Vendor Name, Invoice Number, Invoice Date, Invoice Amount, PO Number, Filepath

“Square 9 Softworks, Co”,”INV12345”,”12/25/2020”,”100.00”,”PO45678”,”C:\MyImport\MyFile.pdf”

Unique ID Column

If you are importing a large amount of documents into GlobalSearch, it is a good idea to include a unique ID for each one of your records you’re importing, for example row number.

In the example presented above this would look like this.

Example Import File
ID, Vendor Name, Invoice Number, Invoice Date, Invoice Amount, PO Number, Filepath

1, “Square 9 Softworks, Co”,”INV12345”,”12/25/2020”,”100.00”,”PO45678”,”C:\MyImport\MyFile.pdf”

2, “Square 9 Softworks, Co”,”INV55555”,”12/27/2020”,”609.21”,”PO45622”,”C:\MyImport\MyFile2.pdf”

3, “SoundCoast”,”ABC33252”,”11/27/2020”,”856.33”,”PO22622”,”C:\MyImport\MyFile3.pdf”

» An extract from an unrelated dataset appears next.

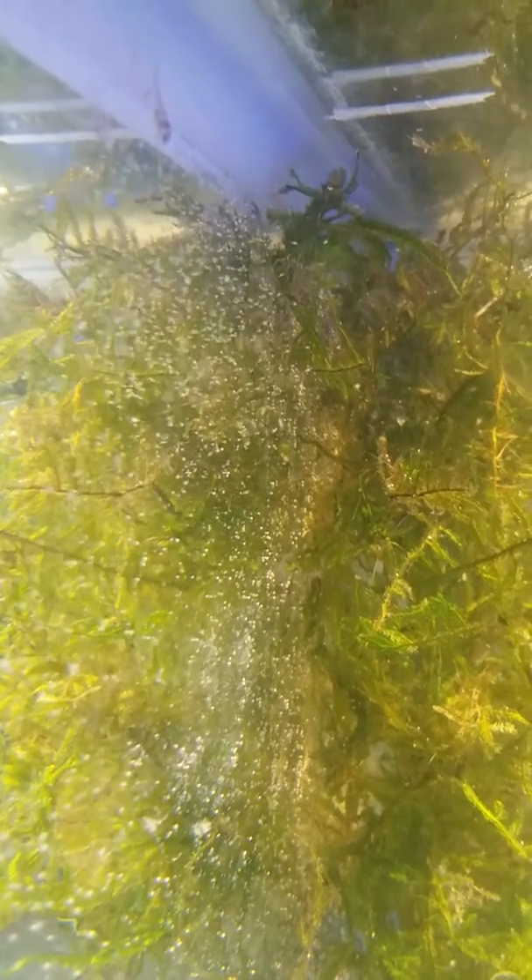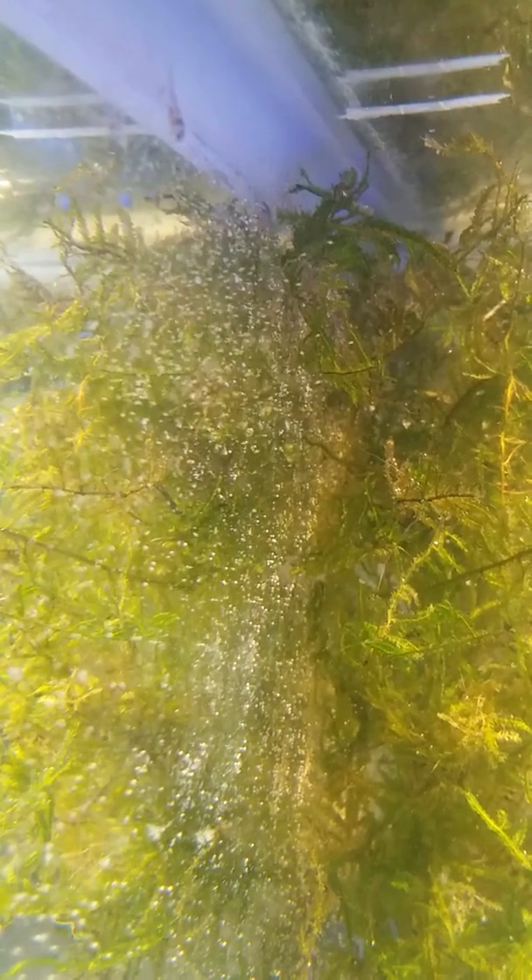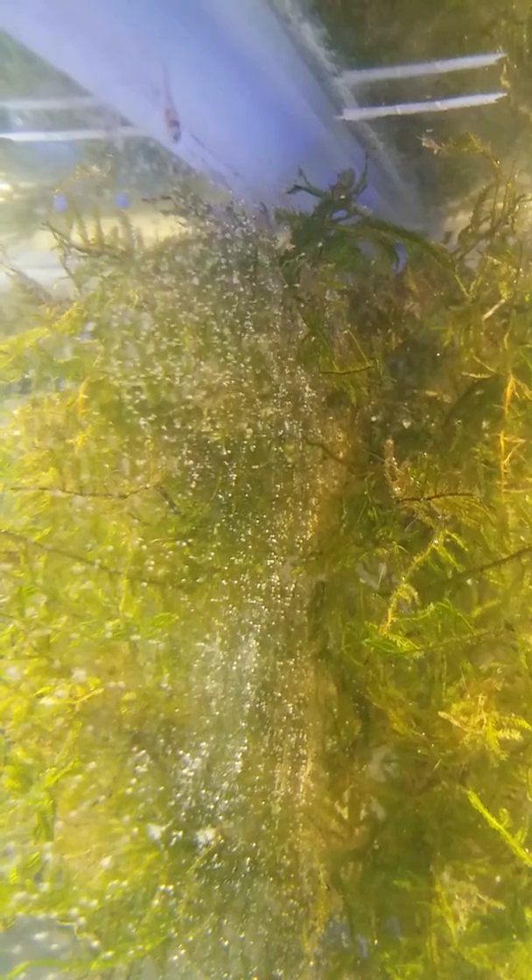The brine shrimp have hatched — we have shrimp! I took some out, rinsed them off, and gave them to the babies. That whole section right there is vibrating like crazy. Just to the left of the screen, in front of the Java moss, there's a baby already eating. There's a whole slew inside the Java moss and the babies are in there as well, eating on those.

This would allow you to uniquely identify each row, enabling you to balance the documents imported against the file on the database level, identify missing files or identify duplicate files.  A field to store your unique ID field should exist.

Importing Your Data

The process to import documents into GlobalSearch may vary depending on the client you use.  It is recommended that imports be done using the GlobalSearch Web Client because: 

  1. Better error handling - Any records which error will be produced in a new file containing the data for the records that have errored, so you can quickly import them.

  2. Field Mapping - One of the big advantages to the web client is the ability to map fields from the import file, to the fields within GlobalSearch.

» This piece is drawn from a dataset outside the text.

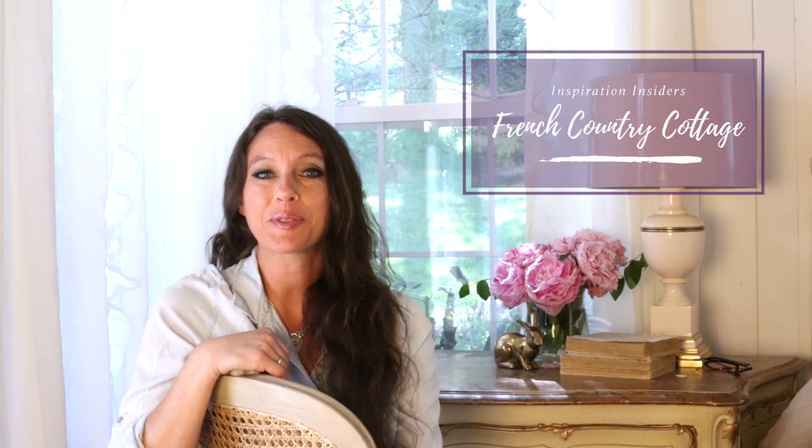Hi everyone, Courtney from French Country Cottage here with Wayfair today to talk about hosting a summer block party in your neighborhood. A summer block party is a great way to get your neighborhood together and renew those neighborly relationships and friendships. Maybe you don't see your neighbors all the time, and it's a great way to invite new people that just moved in. It's a fun thing I looked forward to every summer growing up. There are a couple of things you can do to make a summer block party a success and as stress-free as possible, and we're going to talk about that today.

Note - Importing documents into GlobalSearch Web requires GlobalSearch Extensions with the IO extension enabled.

Performing the Import

  1. Open the GlobalSearch Web Client

  2. Locate the archive you’d like to import documents into.

  3. Expand the menu by selecting the dots to the right of the name.

  4. Select “Import Data & Docs”

     5. Map your import file as below.

    1. CSV File - The path to your CSV File.

    2. Field Delimiter - The delimiter used to separate field data in the import file.

    3. String Delimiter - The qualifier for data fields used containing data, this is by default double quotes, “.

    4. Field Mapping - Listed on the left are the fields in the archive and fields from the file are on the right.

    5. Error File:  The path to the generated error file.

    6. CSV Contains Column Header - Skips the first row on import.

    7. Overwrite System Fields - If the target archive contains system fields, the data will be overwritten by the data in the file.

6.   Click Import

Error Files

After your import is complete, you will find two additional files created:

  1. A file listing any errors that occurred and the corresponding row number at which they occured.

  2. A file containing data for any rows.  You can reimport this file as needed.